この「ごと」はク活用形容詞の語幹のような用いられ方をする。これは「ごとよし(如良し)」の「よ」の無音化。意味は、「ごと(如く)」として、名態や動態の想的到来として、自信をもって受容できる、ということ(→「よし(良し)」の項)。ならば「ごとし」は形容詞では?と思われそうですが、文法ではこれは助動詞に分類されている。たとえばク活用形容詞「あかし(赤し)」の場合、語幹による「あかだま(赤玉)」といった用い方がありますが、「ごとし(如し)」の場合、「ごと」は、名態や動態の想的到来はこれと、と表現しており、何の想的到来なのかが表現されず「ごとたま(如玉)」などと表現されることはない。
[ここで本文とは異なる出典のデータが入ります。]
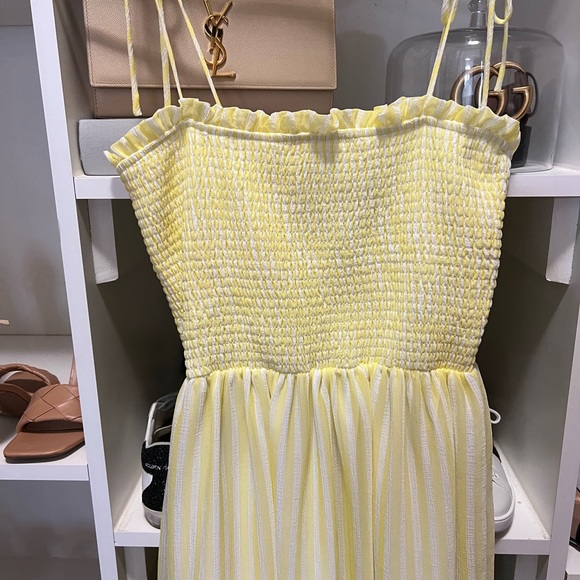 Aura Weekend Strolls Yellow Midi Dress Small - Picture 8 of 10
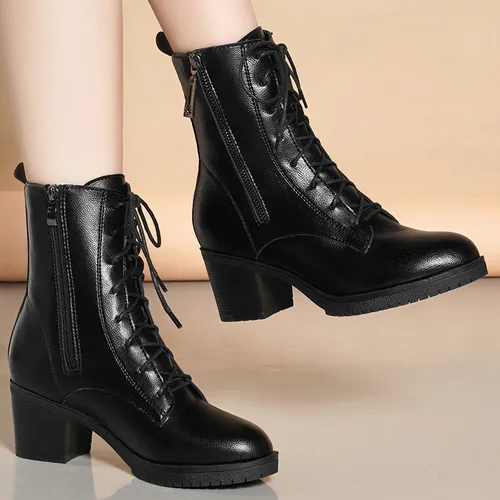 Zapatos con tacon grueso para mujer sale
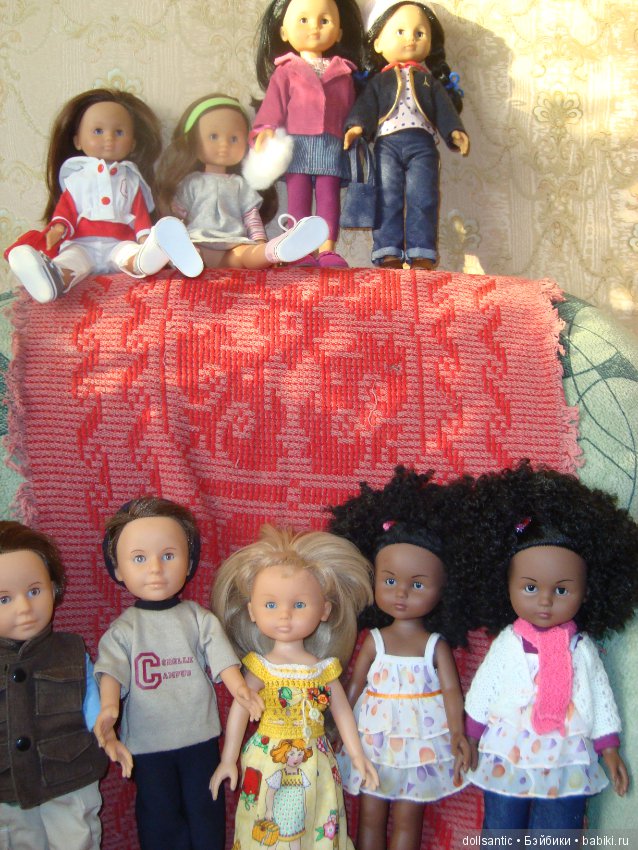 Куколки Corolle les cherias, продолжение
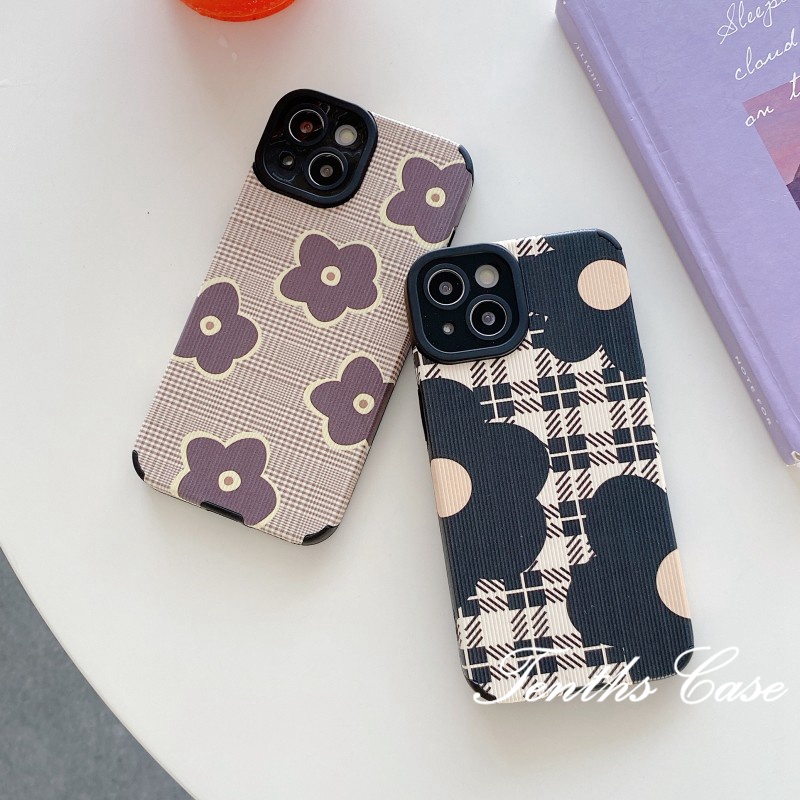 Kompatibel Untuk Iphone14 13 12 11 Pro Max X XR Xs Max7 8 Plus SE 2020 Gaya Parsimony Canggih Pola Pola Pola Pola Bunga Casing Ponsel Soft Back Cover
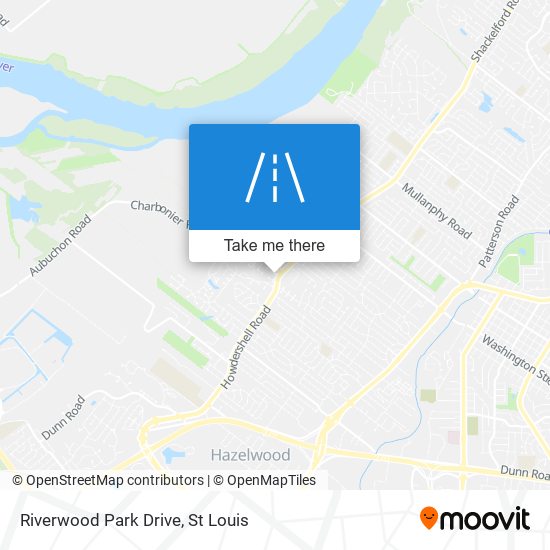 Riverwood Park Drive map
また、想的到来以外の何かを期待するような已然形「ごとけれ」も事実上ない。たとえば「桜咲くがごとけれど」(桜咲く想的到来があるようなないような…)。
「行く水の水沫(みなわ)のごとし」(万1269)。
「吾(あ)がごとく君に恋ふらむ人はさね(決して)あらじ」(万3750)。
「年月(としつき)は流るるごとし」(万804)。